Offshore projects that crumble usually happen when the buyer flexes some process flaw muscle.

Not all projects go 100% successful all the time.

We’re human, we make errors.

Frankly, we screw up.

But the importers that consistently bring in good product, without the disasters, have certain internal things in common.

These “intangibles” usually cause the importer to do certain things.

These are intangibles, that are not necessarily taught, come with time.

Some people may naturally have these strengths more than others.

Good importers would fit in many career positions and leadership roles.

What additional moxy sauce has been sprinkled and spread on their bread?

Let’s look at it…

5 Things that Great Importers Do.

They listen.

Good importers listen to their suppliers. They ask questions of their overseas counterparts. Then, they listen to what’s being said. They don’t get impatient or squirrely when hearing English in a 2nd-language.

Part of listening well, is being able to listen to WHAT’S NOT being said. They pick up on what was missing from the scenario. The characteristic of good listening accompanies being able to accurately fill in a blank. This is critical in your overseas sourcing.

They plan well.

A good importer can see the end of their project from the beginning.

They know to include additional time from what experience shows them.

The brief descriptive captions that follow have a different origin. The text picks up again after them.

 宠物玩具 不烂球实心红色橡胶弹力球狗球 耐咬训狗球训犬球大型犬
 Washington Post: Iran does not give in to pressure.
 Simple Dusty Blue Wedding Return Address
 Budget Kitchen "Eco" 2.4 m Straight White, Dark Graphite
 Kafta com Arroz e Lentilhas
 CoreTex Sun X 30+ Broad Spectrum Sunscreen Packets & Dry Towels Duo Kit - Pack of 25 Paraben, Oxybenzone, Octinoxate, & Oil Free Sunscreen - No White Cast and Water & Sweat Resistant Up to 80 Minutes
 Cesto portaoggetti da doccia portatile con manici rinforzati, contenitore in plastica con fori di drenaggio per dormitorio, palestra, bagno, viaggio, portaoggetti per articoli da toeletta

On the flip side, the erratic importer doesn’t remember past obstacles and tests. The erratic importer plans everything as if problems are impossible. Then when problems happen, they screech out the infamous, “how could this happen!!??”

They keep their emotions in check.

Notice how above I mention the “erratic” importer? The consistently good importers are not driven by their feelings.

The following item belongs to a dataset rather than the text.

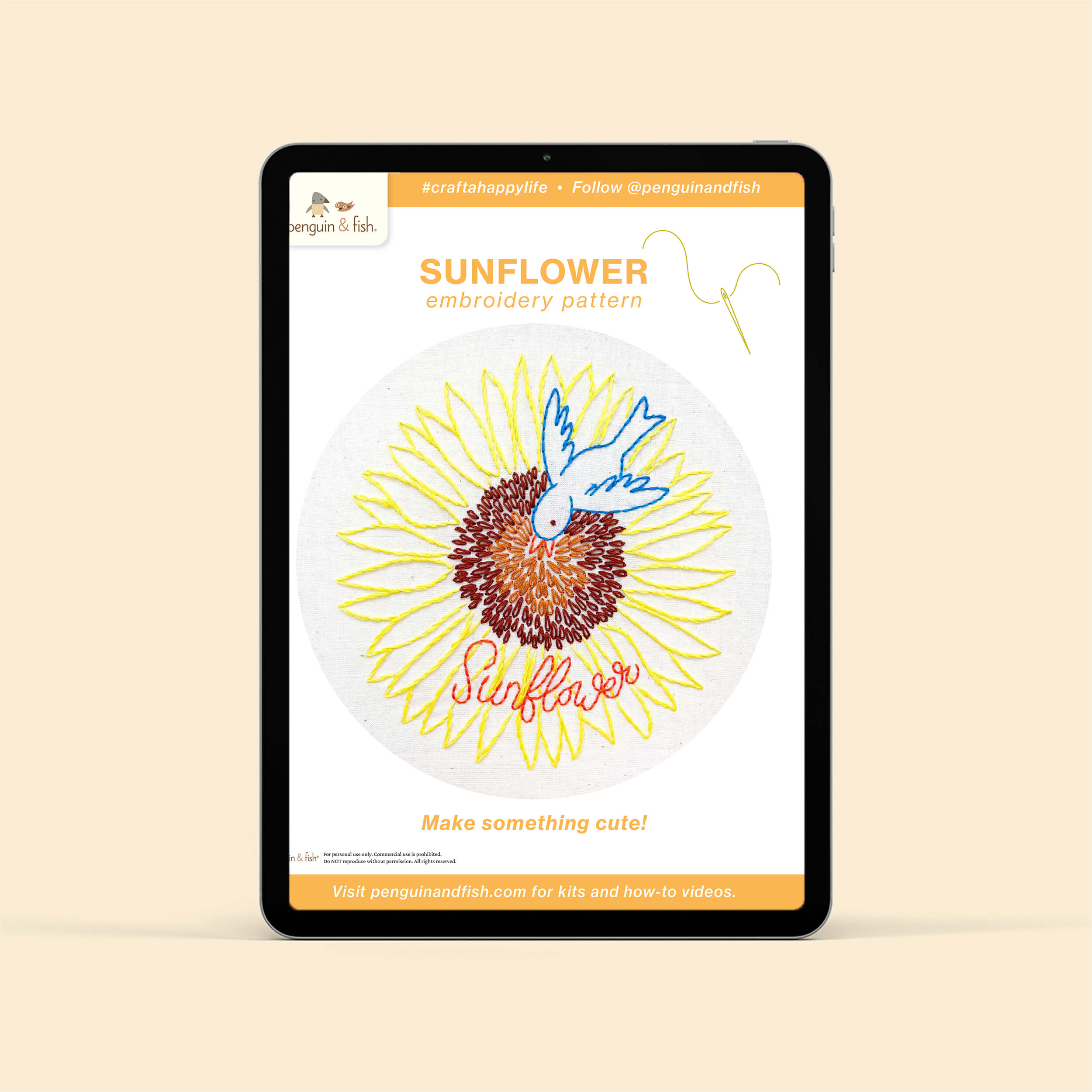 Sunflower PDF printable pattern shown on a tablet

Emotions in China Manufacturing

They don’t wear their worries on their sleeve.

An importer who is overly concerned transfers those negative emotions to a supplier. A supplier that senses a jumpy, unprofessional importer, also becomes nervous. This flows into the quality of the goods and service coming out of the factory.

The importer that screams bloody murder over a delay will have a factory push goods out too early.

You know, just to shut them up.

Pushing goods out too early lead to incomplete goods.

Ever seen a printed item that didn’t undergo the proper drying process?

They find solutions.

Bad importers fold like $2 suitcases as soon as they hear bad news.

As soon as quality issues rear their ugly head, the novice gets jittery. Jitteriness leads to other problems.

Not great importers. When those who are well-seasoned get a whiff of problems, they know to quickly pivot.

They don’t wait for things to go from bad to worse.

They know to send in a QC team; when to hit the key points.

They stay in frequent enough touch with their supplier, they’ll know when to pull back and implement something else.

And they do all of this, without sacrificing the job.

There’s minimal finger-pointing and blame.

They simply see the goal insight and try a different avenue to reach the end.

They are leaders.

Good importers have moxy. They can get a factory to see and implement their vision.

This may not happen after the first or second order, but it eventually happens.

A good importer, like a good leader is loyal and rewards those employees, factories, logistics companies, that do good work.

They’re always flyin’ around and looking for the next minimal discount or somebody who will speak only pleasant things to them.

Even in offshore manufacturing, there’s necessary unseen elements to get everyone onboard. There’s inspiration, encouragement an values.

It’s as if many people think professional traits are just for the corporate boardroom.

But when it comes to overseas work and sourcing, you can act anyway you want, consequence free…yeah right.

The good importer knows that’s not the case and they uphold domestic and international values in all they do.